Mais même les évangéliques ne sont que des fans tièdes de Trump par rapport aux Juifs orthodoxes des États-Unis, qui préfèrent Trump, par une énorme majorité de 83% contre 13%, selon un sondage publié par le magazine juif Ami cette semaine. Les juifs américains orthodoxes, à leur tour, sont des libéraux enflammés par rapport à leurs homologues en Israël. Selon le sondage Mitvim, parmi les Juifs israéliens qui se décrivent comme religieux, 77 % préfèrent Trump et seulement 1 % soutient Biden, et ce n’est pas une faute de frappe. Parmi les électeurs du Likoud, le résultat est tout aussi déséquilibré et spectaculaire, 80 % pour Trump et 2 % – encore une fois, pas de faute de frappe – pour Biden. La seule population israélienne dans laquelle Biden sort en tête est auto-déclarée formée de gauchistes et de centre-gauche, qui le préfèrent à Trump par une majorité de 62% contre 18%, mais ils sont, bien sûr, une minorité distincte.
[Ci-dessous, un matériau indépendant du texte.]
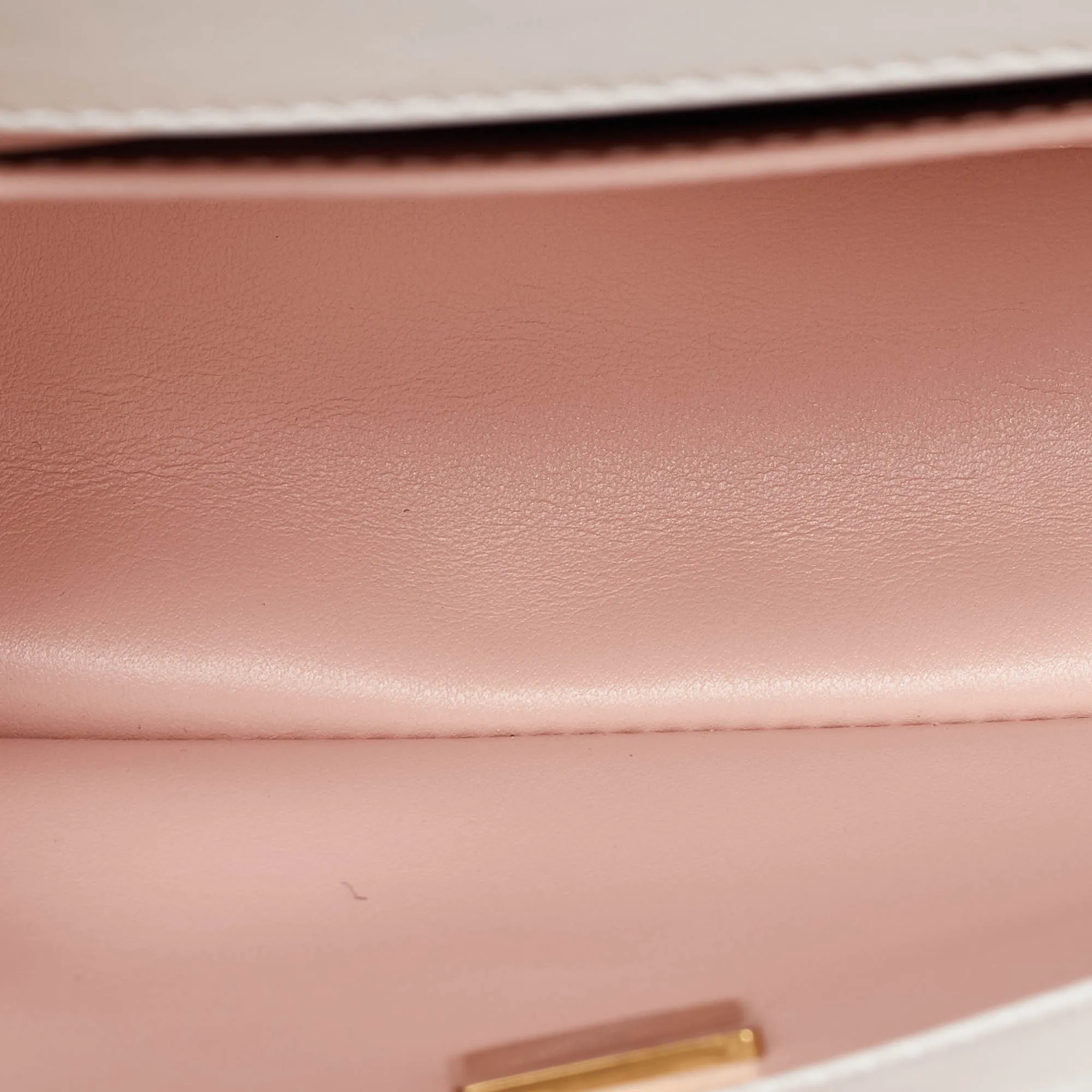 CHANEL White Quilted Leather Small Flap Shoulder Bag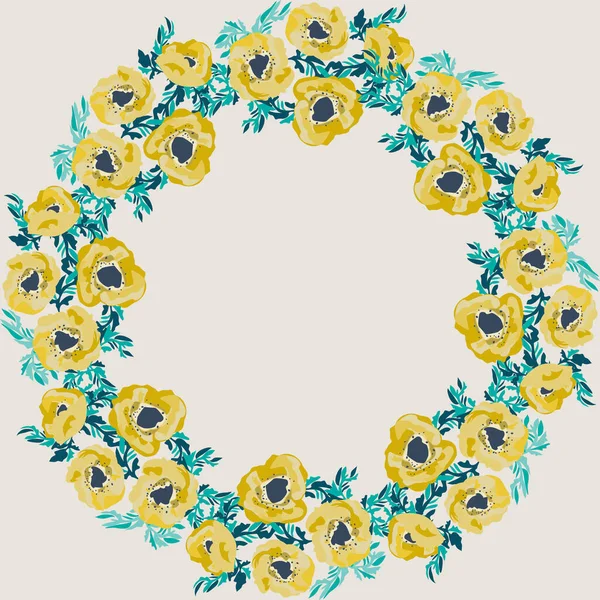 Нежный Нежный Узор Маковых Цветов Летние Цветы Цветочные Диагонали Бесшовный — стоковый вектор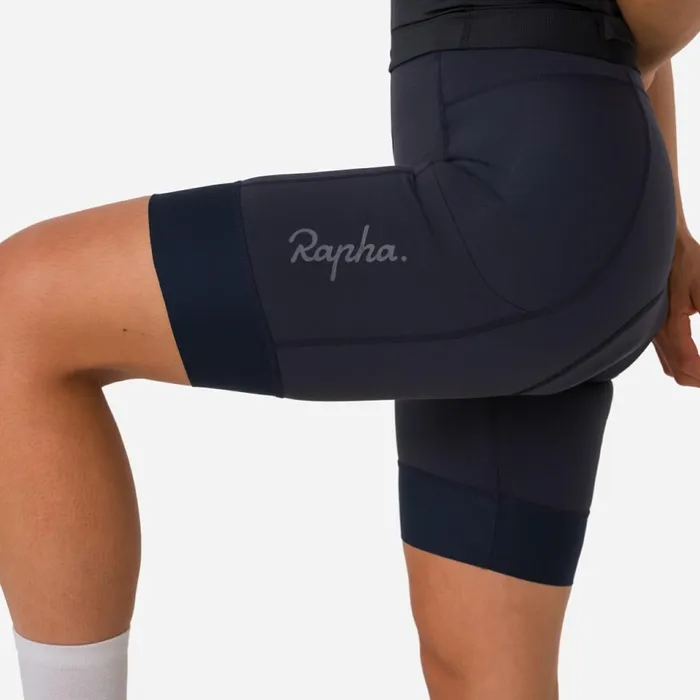 Women Regular Cargo Shorts Blackblackdark Navy Rapha Bibs Shorts and Tights
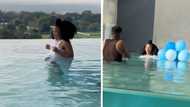 Gender reveal photoshoot in the pool makes a splash, takes South Africa by storm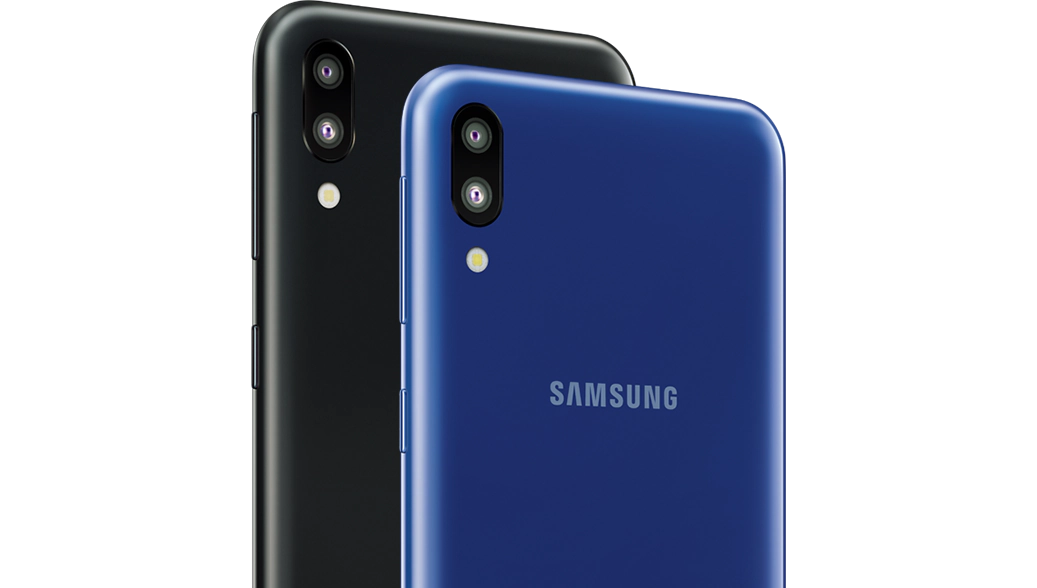 Samsung M10 in Blue and Black Color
La seule consolation pour les Juifs américains libéraux est que les chiffres puissent changer radicalement si Biden l’emporte le 3 novembre et que les Israéliens se rendent progressivement compte que le nouveau Président est beaucoup plus amical qu’ils ne le croyaient. Si Trump remporte une autre victoire sensationnelle, cependant, les deux communautés seront comme deux navires qui se sont croisés dans la nuit il y a longtemps et sont maintenant, tragiquement et irrévocablement, séparés par des océans.